Jumat, 26 April 2013

Analisis Sengketa Sosial



SOSIOLOGI HUKUM
NAMA                        : YONGKY PUTUT ANGKIANATA
NIM                            : 115010107113036
FAKULTAS HUKUM – UB KEDIRI




 


Gejala Sosial : Tawuran Antar Pelajar
Tawuran Antar Pelajar termasuk kedalam Konflik dengan Jenis Konflik Antar Kelompok. Dan Konflik itu termasuk salah satu Gejala Sosial yang ada di Masyarakat.
 
http://www.bincangedukasi.com/wp-content/uploads/2013/03/Tawuran-Pelajar.jpg


  Negeri ini menghadapi persoalan serius mengenai Gejala Sosial yang terjadi dalam lingkup Pendidikan. Beberapa bentrokan antara para pelajar terjadi atas nama kebanggaan identitas dan harga diri kelompok. Korban fisik tak dapat dielakkan. Kesadaran nasional dan sikap menghargai semua golongan kini hancur berkeping-keping akibat arogansi dan kebanggaan yang menguat dalam kelompok-kelompok itu.
Mirisnya, hal ini terjadi pada pelajar. Generasi bangsa yang dipersiapkan untuk melanjutkan dan melestarikan negeri ini.
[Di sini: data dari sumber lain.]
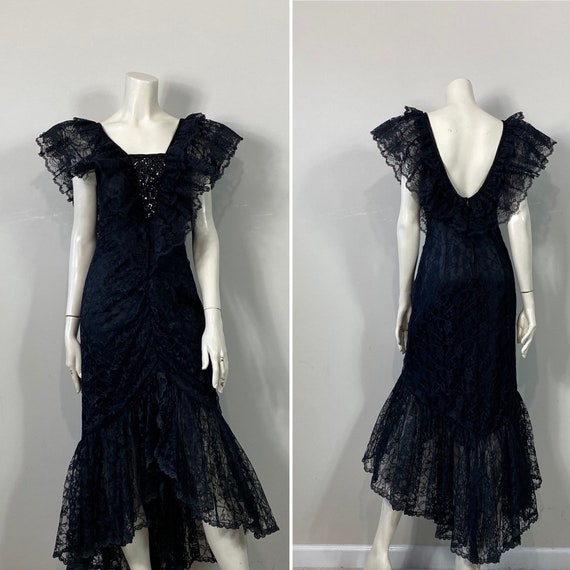 RARE 80s Avant Garde Black Sequin & Lace Mermaid … - image 8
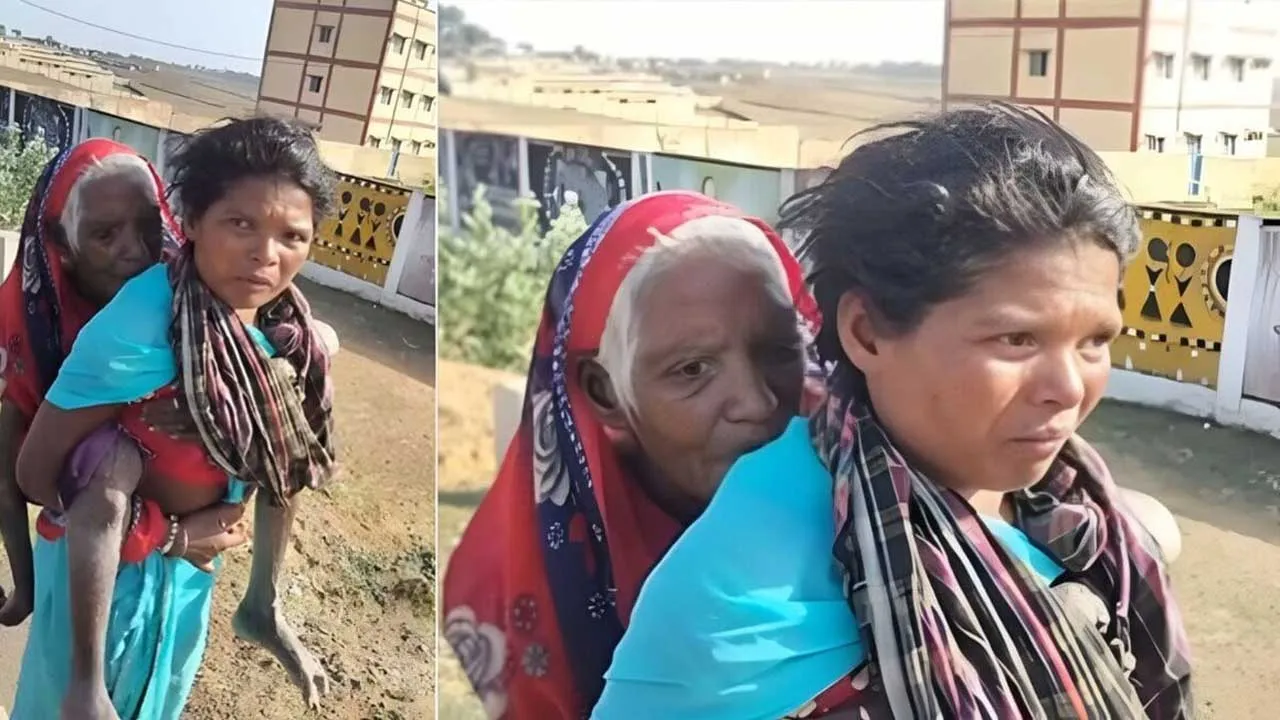 90 વર્ષના સાસુને પીઠ પર ઉઠાવી 1500 રૂપિયા લેવા માટે 9 કિલોમીટર ચાલીને બેંક પહોંચી વહુ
Mereka memiliki tingkah laku yang tak ubahnya seperti preman; mudah terbakar emosi kelompok,  bangga dengan kelompok sendiri secara buta dan cenderung mendefinisikan out-group sebagai “others”. Mereka seperti tidak punya pilihan lain. Seperti telah kehilangan akal sehatnya, setiap masalah yang berkaitan dengan kelompok selalu berujug pada pertikaian.
Fenomena tawuran antar pelajar sebenarnya bukanlah hal yang baru. Peristiwa ini telah terjadi secara berulang kali. Sudah berapa banyak korban yang meninggal akibat adanya pertikaian antar pelajar ini. Hal tersebut menunjukkan bahwa tindakan premanisme merupakan sesuatu yang melekat dan mengendap di tubuh sebagian pelajar negeri ini.
Anehnya, tidak terlihat tanda-tanda efek jera pada mereka. Tawuran menjadi semacam ritual untuk mengekspresikan kekuatan dan kebanggaan kelompok. Identitas dan harga diri kelompok seolah harga mati yang tidak boleh dilecehkan sedikitpun. Sebaliknya, nyawa tidak ada harganya ketika berhadapan dengan kebanggaan kelompok itu. Maka dari itu kita kaji Gejala Sosial tersebut melalui Beberapa pendekatan yang ada dalam sosiologi Hukum.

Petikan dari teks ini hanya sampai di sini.